El aumento de los médicos no fue paralelo al de practicantes y en el Reglamento de 1885 se redujo a uno solo con respecto al Reglamento previo, el de 1873, que contemplaba la presencia de dos en la institución. A pesar de las buenas intenciones de Salas y Vaca, el único practicante ni siquiera realizaba sus funciones de manera permanente, ya que debía “concurrir a cátedras y no siempre puede contarse con él” (73, p. 2). No se ha podido comprobar “el establecimiento de una plantilla de practicantes internos” a la que Salas se refería, pero sí “algunas mejoras para el personal de custodia” (11, pp. 24-5). Este personal de custodia, vulgarmente conocidos como “loqueros”, incluía a los subalternos, que habitualmente contaban con escasos estudios y se denominaban también sirvientes, celadores o enfermeros. En Santa Isabel hemos podido documentar un pequeño aumento en la dotación de este personal de cuidado y vigilancia que, en los primeros años del siglo XX, se componía de doce enfermeros y ocho criadas lavanderas, pasando, a finales de los años veinte, a catorce enfermeros en el departamento de hombres y diez enfermeras en el de las mujeres. No obstante, el aumento del número desgraciadamente no se acompañó de la formación del personal subalterno, una cuestión que Salas y Vaca consideró prioritaria, proponiendo “una selección por cualidades educativas y morales, haciéndolos pasar por cualquiera de estos centros donde tuvieran el aprendizaje oportuno” (12, p. 69). El intento de profesionalización de practicantes y enfermeros también era un punto primordial del Plan Moderno de Asistencia a los Alienados de 1926 (65), pero hasta entonces el único libro dirigido al personal de cuidado había sido publicado por el gallego Vicente Goyanes. En 1909, el director del Manicomio de Conxo había recopilado en el Manual del enfermero en los manicomios (74) unas normas básicas de cuidado a los enfermos mentales, si bien hasta 1932 no fue abordado un plan de formación oficial por la Dirección General de Sanidad (75). De hecho, en los años treinta, Emili Mira i López (1896-1964) y Rodríguez Lafora propusieron unas pruebas psicométricas (76, 77) de cara a valorar esas actitudes morales que ya Salas y Vaca sugería. Vinculados a la incipiente ciencia psicotécnica que se empezaba a desarrollar en España, Mira y Lafora propugnaban la selección de la enfermería psiquiátrica con pruebas de discriminación ética basadas en criterios psicométricos (78).

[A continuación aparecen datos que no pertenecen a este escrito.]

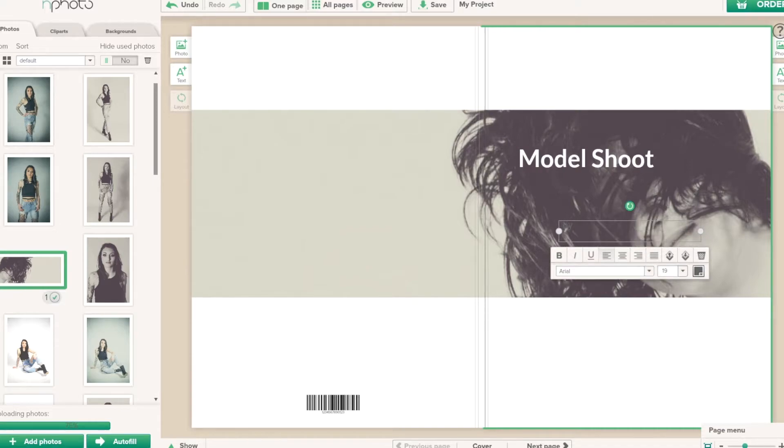We'll add 'by David Miller Photography Training Online' as a second text element.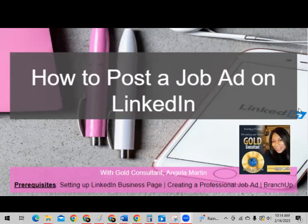Hello, everyone. My name is Angela Martin, Gold Consultant with Archer and Evolution, and today's training is on how to post a job ad on LinkedIn. Congratulations, you all have reached the step and decided that you want to mentor other travel agents, and that is awesome. In this video, I'm going to be sharing with you how to go about doing that.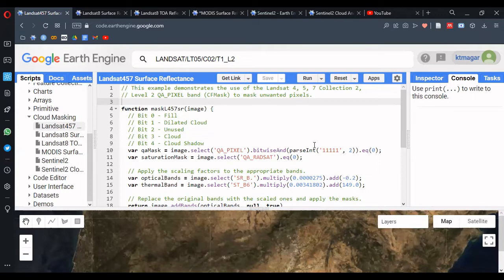These QA bands contain information about the clouds and about the pixels. QA bands, in particular, have different indicators and values within these indicators. The basic concept is to work with those indicators and those values. An important concept is that everything is happening in binary values. The conversion of binary values to decimal values or vice versa happens, and we extract that information. Very specific bits are extracted and used to mask.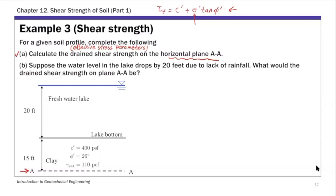Given the Mohr-Coulomb failure criterion, to calculate the shear strength on this plane we need: first, the two strength parameters, which are given; and second, the normal stress on this plane. For this horizontal plane, the normal stress will be the vertical effective stress on that plane — sigma n prime.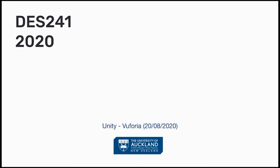Hi, today we'll be looking at using Vuforia and Unity to create an AR application.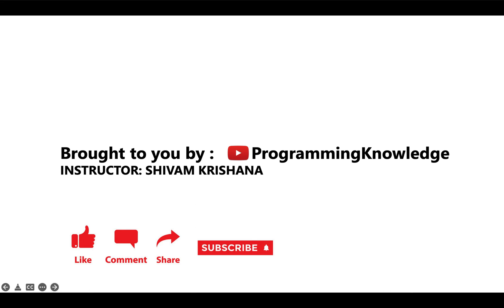That will be all for today. This video is brought to you by Programming Knowledge. Please like, comment, share, subscribe and hit the bell button for updates and stay tuned with us for next lecture. Thank you.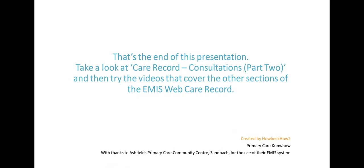We'd now recommend that you look at part 2, the video that covers creating new consultations.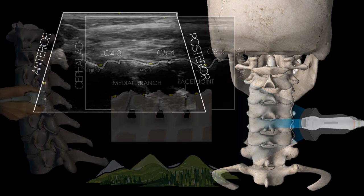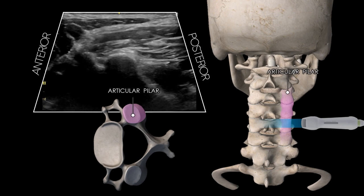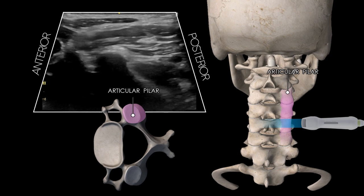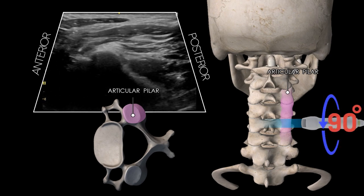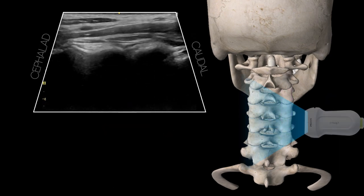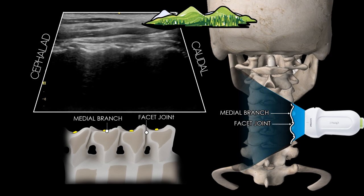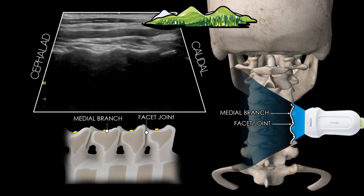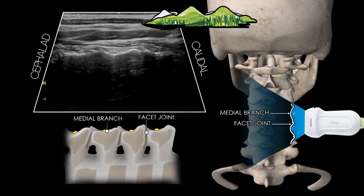In the following real-time video, our observation will commence with an examination along the axial axis. During this phase, we will identify the articular column and the posterior tubercle of its transverse process. Subsequently, as we rotate the transducer to embark on a coronal exploration, we will be presented with an image of the cervical articular pillar, characterized by its undulating mountains and valleys.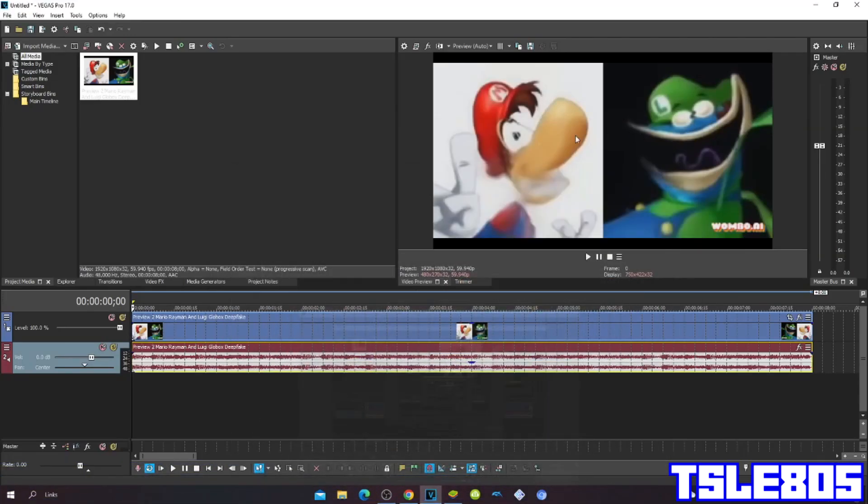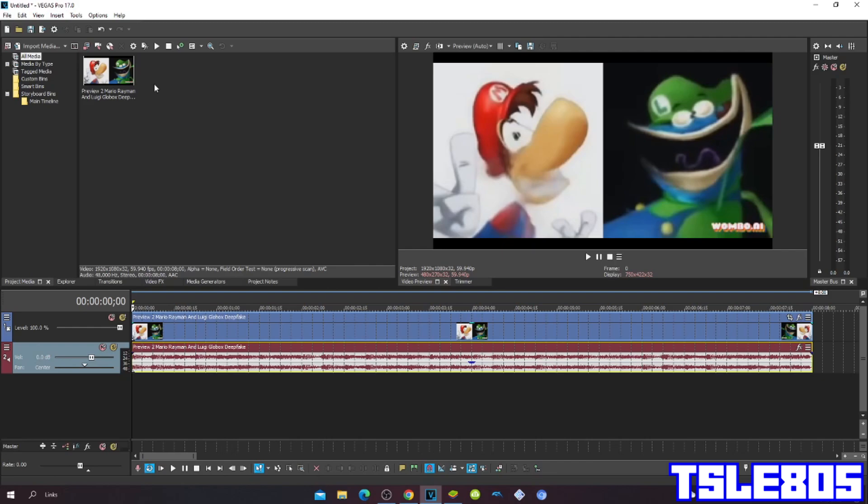Hi guys, Serbi here. In this tutorial I will show you how to make clang effect on Vegas Pro 17 or any other Vegas Pro version.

En cualquier caso, en el Manicomio Nacional se podía contabilizar un empleado subalterno por cada seis o siete pacientes a finales de los años veinte, número mayor que en otras instituciones como la valenciana, donde había uno por cada diez internos aproximadamente (70). No obstante, el aumento de la plantilla en Leganés no alcanzaba las recomendaciones de un “asistente” por cada cuatro internos que Fernández Sanz, a principios de los años veinte, proponía en “La reforma de los manicomios españoles” (79). Pero más precaria aún era la dotación de estos en el Manicomio de Valladolid, donde, en la primera década del siglo, la ratio de este personal estaba en uno por cada 15 pacientes, y aún empeoraría, disminuyendo a finales de los años veinte a uno por cada 26 asilados (71).

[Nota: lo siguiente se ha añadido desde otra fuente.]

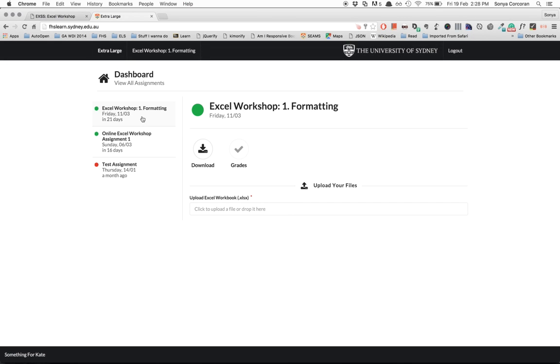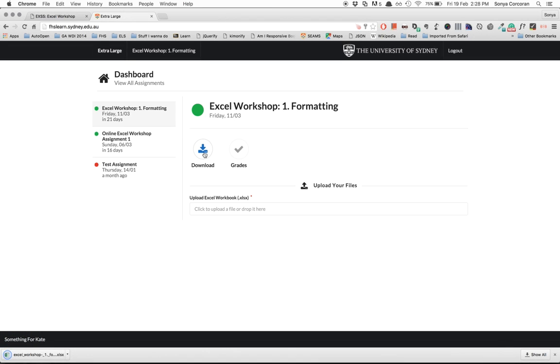So you'd pop into the first one which is the Excel Workshop 1 formatting and you click download to download the assessment template.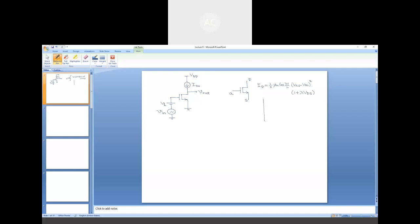We found how the current ID varies with VDS. In the saturation region, it is not exactly constant — if it were, the ID vs. VDS curve would be flat. Due to the (1 + λVDS) term, ID increases with VDS, though the increment is governed by the value of λ. The dotted line signifies λ = 0, and the slope of the actual curve represents λ ≠ 0.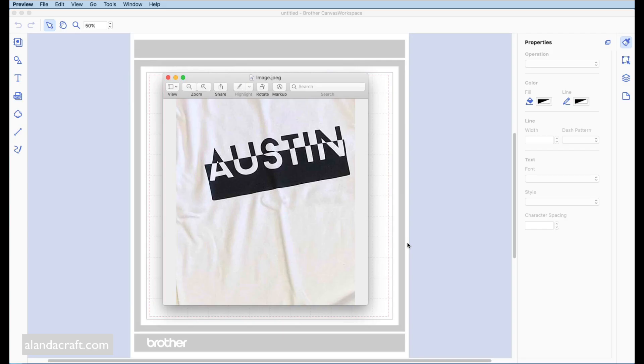Hi, this is Paula from AlandaCraft. In this video we're going to be creating this sort of effect — this was a request by a reader, Michelle — and I'm going to show two different ways of creating this sort of effect.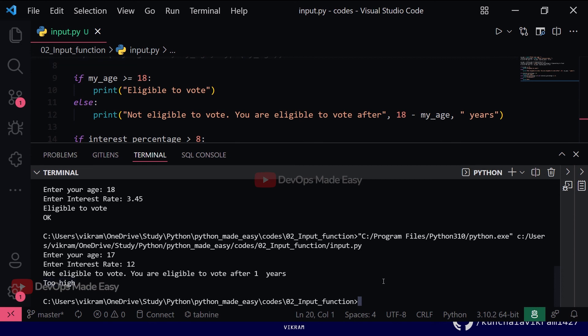This is how you use the Python input function. In the next video we'll talk more about print statements and their formats. Thank you.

César Juarros y la apertura del manicomio a la enseñanza
La escasa profesionalización de la enfermería no era una cuestión aislada, sino que iba acompañada de graves deficiencias de la enseñanza oficial de la disciplina psiquiátrica a los médicos. Poco antes del planteamiento realizado, en 1926, por Manuel Saforcada (1877-1968), Emili Mira i López y Belarmino Rodríguez Arias en torno a la necesidad de la enseñanza universitaria en neurología y psiquiatría en esta misma revista (80), Salas y Vaca ya hacía referencia a dicha carencia. No es de extrañar, pues, que desde el Manicomio Nacional se colaborara “prestando material científico” para las cátedras de Medicina Legal y Psicología Experimental, en las que Salas ejercía como profesor ayudante. También se ofreció colaboración a la Escuela Médico-Militar, a través de Antonio Fernández Victorio (1867-1925), director del Manicomio de Ciempozuelos desde 1918 hasta su fallecimiento en 1925 y muy vinculado a la docencia (81). En el Manicomio de Leganés ingresaron pacientes procedentes del Hospital Militar, donde también ejerció este médico, y, de hecho, hemos rescatado una historia clínica de un militar de profesión que ingresó en Santa Isabel en octubre de 1916 por un “síndrome de carácter persecutorio tipo psicosis sistematizada progresiva y delirio de interpretación”, diagnosticado previamente por Fernández Victorio de paranoia o delirio crónico sistematizado progresivo (82).
César Juarros, jefe de la consulta de Enfermedades Nerviosas y Mentales del Hospital Militar de Urgencia de Madrid, también participó en la docencia en el Manicomio Nacional. Este prolífico médico, también militar y forense, impartía cursos de psiquiatría en este asilo a sus alumnos del Instituto Criminológico (83), institución constituida en 1913 y a la que Juarros estuvo vinculado durante al menos quince cursos (84). Las clases, de contenido eminentemente práctico, en las que se contaba con la presentación de enfermos de Leganés, eran complementadas con aportaciones teóricas, se impartían todos los domingos y, además de gratuitas, eran de acceso público, acudiendo “alumnos de las más diversas condiciones sociales”, como estudiantes de Medicina, maestros, abogados o médicos (83). Alumnos de la Facultad de Derecho de la Universidad Central, incluso, realizaron trabajos que ilustraban el estado de las instalaciones y el funcionamiento de la institución (49). La vinculación de Salas y Vaca con el Instituto Criminológico no se limitó a la docencia, siendo el cordobés además redactor de la Revista Española de Psiquiatría y Criminología, órgano oficial del Instituto Español Criminológico, dirigida por el propio Juarros y fundada en 1919 (85).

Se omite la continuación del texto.